Queen of Shadows (Throne of Glass #4)(85)


“It was successful; that’s all you need to know.”

“You’re to tell your guards immediately to grant me and mine permission to enter.” Indeed, dozens of guards had blocked her path—and short of killing her way through, Manon had no way in.

“You choose to ignore my orders. Why should I follow yours, Wing Leader?”

“You won’t have a gods-damned army to ride those wyverns if you lock them all up for your breeding experiments.”

They were warriors—they were Ironteeth witches. They weren’t chattel to be bred. They weren’t to be experimented upon. Her grandmother would slaughter him.

The duke merely shrugged. “I told you I wanted Blackbeaks. You refused to give them to me.”

“Is this punishment?” The words snapped out of her. The Yellowlegs were still Ironteeth, after all. Still under her command.

“Oh, no. Not at all. But if you disobey my orders again, the next time, it might be.” He cocked his head, and the light gilded his dark eyes. “There are princes, you know—among the Valg. Powerful, cunning princes, capable of splattering people on walls. They’ve been very keen to test themselves against your kind. Perhaps they’ll pay a visit to your barracks. See who survives the night. It’d be a good way to weed out the lesser witches. I have no use for weak soldiers in my armies, even if it decreases your numbers.”

For a moment, there was a roaring silence in her head. A threat.

A threat from this human, this man who had lived but a fraction of her existence, this mortal beast—

Careful, a voice said in her head. Proceed with cunning.

So Manon allowed herself to nod slightly in acquiescence, and asked, “And what of your other … activities? What goes on beneath the mountains circling this valley?”

The duke studied her, and she met his gaze, met every inch of blackness within it. And found something slithering inside that had no place in this world. At last he said, “You do not wish to learn what is being bred and forged under those mountains, Blackbeak. Don’t bother sending your scouts in. They won’t see daylight again. Consider yourself warned.”

The human worm clearly didn’t know precisely how skilled her Shadows were, but she wasn’t about to correct him, not when it could be used to her advantage one day. Yet whatever did go on inside those mountains wasn’t her concern—not with the Yellowlegs and the rest of the legion to deal with. Manon jerked her chin toward the dead soldier. “What do you plan to use this shadowfire for? Torture?”

A flash of ire at yet another question. The duke said tightly, “I have not yet decided. For now, she will experiment like this. Perhaps later, she will learn to incinerate the armies of our enemies.”

A flame that did not leave burns—loosed upon thousands. It would be glorious, even if it was grotesque. “And are there armies of enemies gathering? Will you use this shadowfire on them?”

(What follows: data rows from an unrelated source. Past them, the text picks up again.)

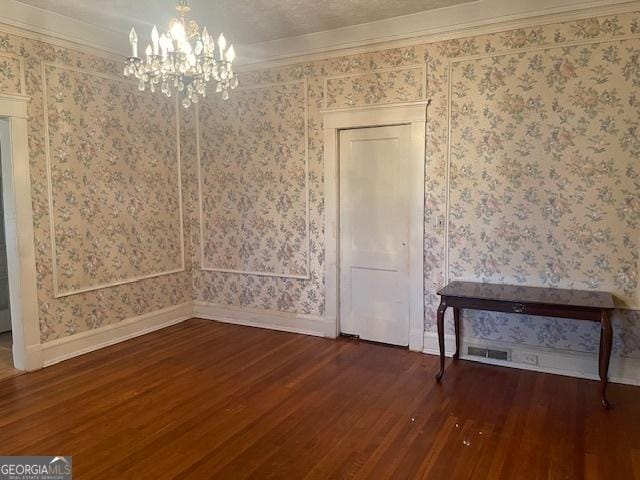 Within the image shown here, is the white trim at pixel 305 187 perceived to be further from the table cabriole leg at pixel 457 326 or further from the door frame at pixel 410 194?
the table cabriole leg at pixel 457 326

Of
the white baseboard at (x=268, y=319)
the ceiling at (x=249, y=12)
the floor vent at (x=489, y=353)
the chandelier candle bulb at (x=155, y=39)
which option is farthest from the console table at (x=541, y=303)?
the chandelier candle bulb at (x=155, y=39)

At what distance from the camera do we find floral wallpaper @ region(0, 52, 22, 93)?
3.58m

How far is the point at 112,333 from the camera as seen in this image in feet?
14.8

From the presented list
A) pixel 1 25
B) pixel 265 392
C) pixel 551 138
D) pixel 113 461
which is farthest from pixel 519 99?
pixel 1 25

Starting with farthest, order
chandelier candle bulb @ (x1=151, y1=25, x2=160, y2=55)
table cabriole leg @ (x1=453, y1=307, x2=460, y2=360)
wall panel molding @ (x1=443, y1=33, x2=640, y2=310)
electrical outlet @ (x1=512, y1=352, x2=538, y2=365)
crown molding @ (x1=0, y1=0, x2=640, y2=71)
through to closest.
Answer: table cabriole leg @ (x1=453, y1=307, x2=460, y2=360) → electrical outlet @ (x1=512, y1=352, x2=538, y2=365) → crown molding @ (x1=0, y1=0, x2=640, y2=71) → wall panel molding @ (x1=443, y1=33, x2=640, y2=310) → chandelier candle bulb @ (x1=151, y1=25, x2=160, y2=55)

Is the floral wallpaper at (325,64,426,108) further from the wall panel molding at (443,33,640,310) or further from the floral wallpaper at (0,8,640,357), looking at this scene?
the wall panel molding at (443,33,640,310)

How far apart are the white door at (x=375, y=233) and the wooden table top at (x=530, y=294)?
68cm

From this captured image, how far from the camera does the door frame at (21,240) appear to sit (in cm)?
369

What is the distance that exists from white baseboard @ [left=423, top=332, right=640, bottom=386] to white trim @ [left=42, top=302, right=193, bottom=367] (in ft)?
9.84

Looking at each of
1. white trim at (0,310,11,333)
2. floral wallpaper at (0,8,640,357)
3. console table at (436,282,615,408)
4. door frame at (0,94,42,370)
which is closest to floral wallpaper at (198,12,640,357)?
floral wallpaper at (0,8,640,357)

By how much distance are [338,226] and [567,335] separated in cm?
218

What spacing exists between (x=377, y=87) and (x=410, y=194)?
41.2 inches

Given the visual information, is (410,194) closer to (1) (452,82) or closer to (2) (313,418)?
(1) (452,82)

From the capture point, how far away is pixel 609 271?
349cm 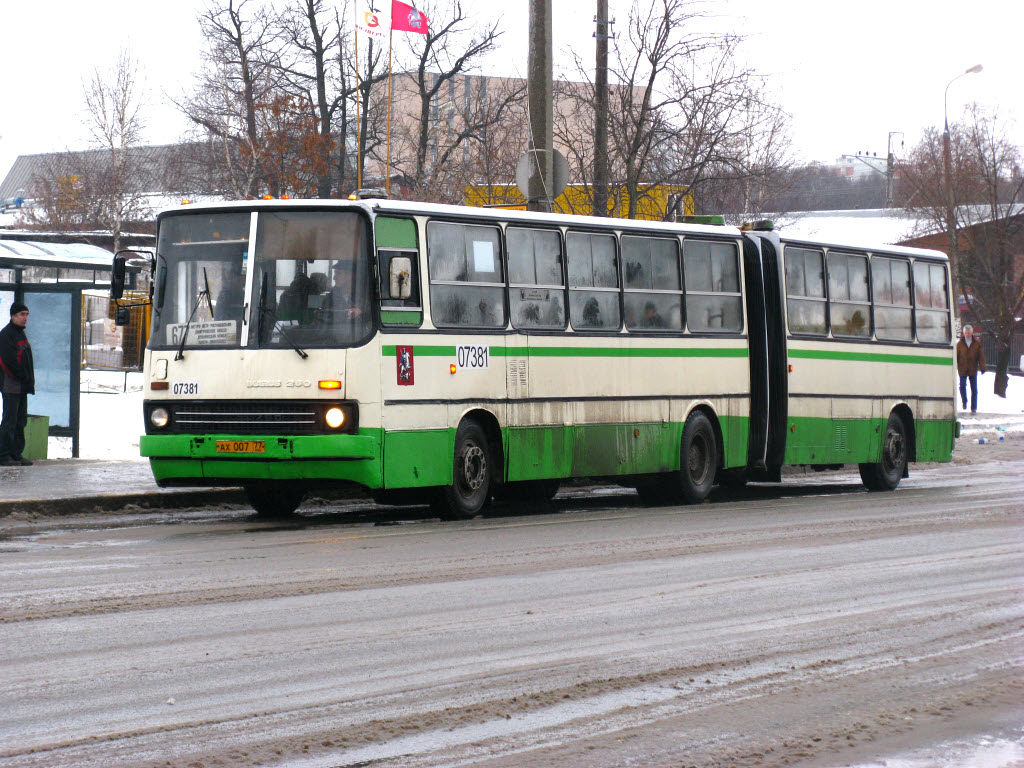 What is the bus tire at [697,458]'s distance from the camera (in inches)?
685

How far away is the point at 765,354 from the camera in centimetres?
1850

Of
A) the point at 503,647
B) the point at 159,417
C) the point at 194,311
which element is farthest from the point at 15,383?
the point at 503,647

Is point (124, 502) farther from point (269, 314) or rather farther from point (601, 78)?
point (601, 78)

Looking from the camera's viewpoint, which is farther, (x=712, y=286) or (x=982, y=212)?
(x=982, y=212)

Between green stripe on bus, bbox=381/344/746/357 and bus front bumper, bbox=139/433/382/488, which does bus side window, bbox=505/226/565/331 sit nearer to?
green stripe on bus, bbox=381/344/746/357

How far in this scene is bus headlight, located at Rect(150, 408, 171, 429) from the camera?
14.0 metres

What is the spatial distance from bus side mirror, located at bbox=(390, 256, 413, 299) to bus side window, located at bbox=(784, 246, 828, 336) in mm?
6408

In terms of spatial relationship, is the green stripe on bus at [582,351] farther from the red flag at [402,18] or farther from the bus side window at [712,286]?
the red flag at [402,18]

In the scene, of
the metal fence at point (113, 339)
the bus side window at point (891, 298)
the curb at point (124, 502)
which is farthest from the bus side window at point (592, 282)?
the metal fence at point (113, 339)

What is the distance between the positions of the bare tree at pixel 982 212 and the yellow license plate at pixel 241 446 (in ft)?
118

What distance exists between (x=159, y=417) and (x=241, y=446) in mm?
970

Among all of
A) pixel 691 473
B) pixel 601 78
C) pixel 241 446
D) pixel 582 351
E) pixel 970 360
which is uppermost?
pixel 601 78

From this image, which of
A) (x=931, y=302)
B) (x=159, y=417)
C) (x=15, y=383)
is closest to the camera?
(x=159, y=417)

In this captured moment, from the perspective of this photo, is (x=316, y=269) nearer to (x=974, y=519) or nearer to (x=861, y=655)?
(x=974, y=519) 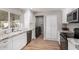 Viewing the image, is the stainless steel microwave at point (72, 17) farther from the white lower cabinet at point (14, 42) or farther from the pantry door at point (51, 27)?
the white lower cabinet at point (14, 42)

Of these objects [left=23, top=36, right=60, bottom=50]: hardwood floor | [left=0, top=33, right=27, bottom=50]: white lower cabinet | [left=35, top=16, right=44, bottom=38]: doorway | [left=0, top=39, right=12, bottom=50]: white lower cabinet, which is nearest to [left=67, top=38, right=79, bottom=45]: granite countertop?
[left=23, top=36, right=60, bottom=50]: hardwood floor

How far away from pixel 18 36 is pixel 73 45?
2.88ft

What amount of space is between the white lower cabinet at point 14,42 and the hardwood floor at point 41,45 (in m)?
0.12

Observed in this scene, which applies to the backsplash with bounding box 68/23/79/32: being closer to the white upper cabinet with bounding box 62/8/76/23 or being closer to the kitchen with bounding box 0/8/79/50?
the kitchen with bounding box 0/8/79/50

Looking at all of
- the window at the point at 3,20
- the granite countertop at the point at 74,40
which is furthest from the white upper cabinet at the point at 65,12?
the window at the point at 3,20

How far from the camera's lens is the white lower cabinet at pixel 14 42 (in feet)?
5.43

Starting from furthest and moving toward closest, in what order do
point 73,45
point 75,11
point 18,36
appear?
point 18,36
point 75,11
point 73,45

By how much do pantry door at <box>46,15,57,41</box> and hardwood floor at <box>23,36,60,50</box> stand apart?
9cm

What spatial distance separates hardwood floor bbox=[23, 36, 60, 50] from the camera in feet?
5.63

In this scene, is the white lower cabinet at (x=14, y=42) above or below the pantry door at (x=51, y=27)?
below

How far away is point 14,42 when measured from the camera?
173 cm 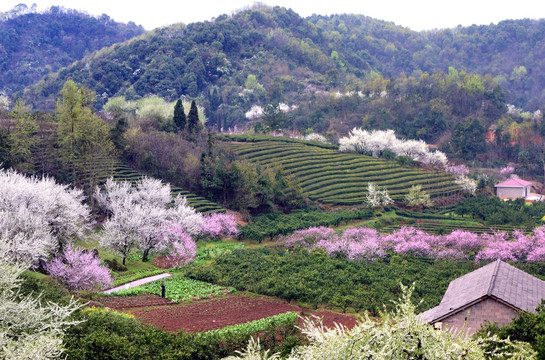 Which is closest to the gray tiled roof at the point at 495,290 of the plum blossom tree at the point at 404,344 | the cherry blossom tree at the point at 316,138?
the plum blossom tree at the point at 404,344

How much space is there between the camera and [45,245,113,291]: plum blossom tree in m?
25.3

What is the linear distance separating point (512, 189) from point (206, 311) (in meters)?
46.3

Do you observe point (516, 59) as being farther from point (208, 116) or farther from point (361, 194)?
point (361, 194)

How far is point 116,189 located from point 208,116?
55.3 metres

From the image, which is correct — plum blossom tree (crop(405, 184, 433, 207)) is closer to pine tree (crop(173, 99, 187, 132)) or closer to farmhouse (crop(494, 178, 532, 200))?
farmhouse (crop(494, 178, 532, 200))

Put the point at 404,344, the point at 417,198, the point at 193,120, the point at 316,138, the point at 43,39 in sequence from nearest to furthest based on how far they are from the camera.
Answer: the point at 404,344, the point at 417,198, the point at 193,120, the point at 316,138, the point at 43,39

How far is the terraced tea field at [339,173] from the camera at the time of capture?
5397 centimetres

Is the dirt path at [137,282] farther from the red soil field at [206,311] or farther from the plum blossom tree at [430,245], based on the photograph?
the plum blossom tree at [430,245]

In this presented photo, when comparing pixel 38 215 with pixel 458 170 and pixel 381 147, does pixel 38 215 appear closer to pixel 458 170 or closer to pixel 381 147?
pixel 381 147

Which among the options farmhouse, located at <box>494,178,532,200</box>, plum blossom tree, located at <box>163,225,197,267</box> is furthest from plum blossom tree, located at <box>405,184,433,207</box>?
plum blossom tree, located at <box>163,225,197,267</box>

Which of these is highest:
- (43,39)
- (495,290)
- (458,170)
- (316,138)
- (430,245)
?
(43,39)

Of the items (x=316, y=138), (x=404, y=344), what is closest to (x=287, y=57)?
(x=316, y=138)

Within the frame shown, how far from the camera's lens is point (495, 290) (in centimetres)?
1532

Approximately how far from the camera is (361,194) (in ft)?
175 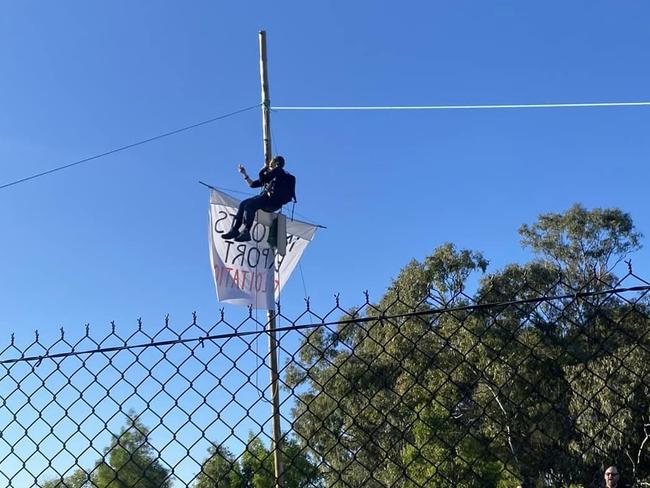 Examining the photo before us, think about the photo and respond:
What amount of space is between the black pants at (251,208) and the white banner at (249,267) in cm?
62

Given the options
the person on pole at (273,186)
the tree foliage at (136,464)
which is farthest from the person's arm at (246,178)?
the tree foliage at (136,464)

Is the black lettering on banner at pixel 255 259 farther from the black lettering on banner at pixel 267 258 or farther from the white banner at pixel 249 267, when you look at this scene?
the black lettering on banner at pixel 267 258

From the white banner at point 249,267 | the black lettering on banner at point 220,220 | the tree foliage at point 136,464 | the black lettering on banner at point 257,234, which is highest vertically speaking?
the black lettering on banner at point 220,220

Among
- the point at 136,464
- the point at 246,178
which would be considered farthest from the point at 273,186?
the point at 136,464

The duke again cocked his head, the scars on his face thrown into stark contrast in the dim lantern light. “Your grandmother didn’t tell you, then.”

“About what?” she bit out.

The duke strode toward the curtained-off part of the room. “About the weapons she has been making for me—for you.”

“What weapons?” She didn’t bother wasting time with tactical silence.

The duke just grinned at her as he disappeared, the curtains swinging enough to reveal Kaltain lying on a low bed covered in furs, her thin, pale arms at her sides, her eyes open and unseeing. A shell. A weapon.

Two weapons—Kaltain, and whatever her grandmother was making.

That was why the Matron had stayed in the Fangs with the other High Witches.

If the three of them were combining their knowledge, wisdom, and cruelty to develop a weapon to use against the mortal armies …

A shiver skidded down Manon’s spine as she glanced once more at the broken human on the rug.

Whatever this new weapon was, whatever the three High Witches came up with …

The humans wouldn’t stand a chance.

“I want you all spreading the word to the other covens. I want sentinels on constant surveillance at the entrances to the barracks. Three-hour watch rotations, no longer—we don’t need anyone passing out and letting the enemy slip in. I’ve dispatched a letter to the Matron already.”

Elide awoke with a jolt inside the aerie, warm and rested and not daring to breathe. It was still dark, but the moonlight was gone, dawn far off. And in the blackness, she could faintly make out the gleam of snow-white hair and the flicker of a few sets of iron teeth and nails. Oh, gods.

She’d planned to sleep for only an hour. She must have slept for at least four. Abraxos didn’t move behind her, his wing still shielding her.

Since that encounter with Asterin and Manon, every hour, waking or sleeping, had been a nightmare for Elide, and even days afterward she caught herself holding her breath at odd moments, when the shadow of the fear gripped her by the throat. The witches hadn’t bothered with her, even though she’d claimed her blood ran blue. But neither had Vernon.

But tonight … she’d been limping back to her room, the stairwell dark and quiet—too quiet, even with the scraping of her chains on the floor. And by her door, a pocket of utter silence, as if even the dust mites had held their breath. Someone was inside her room. Waiting for her.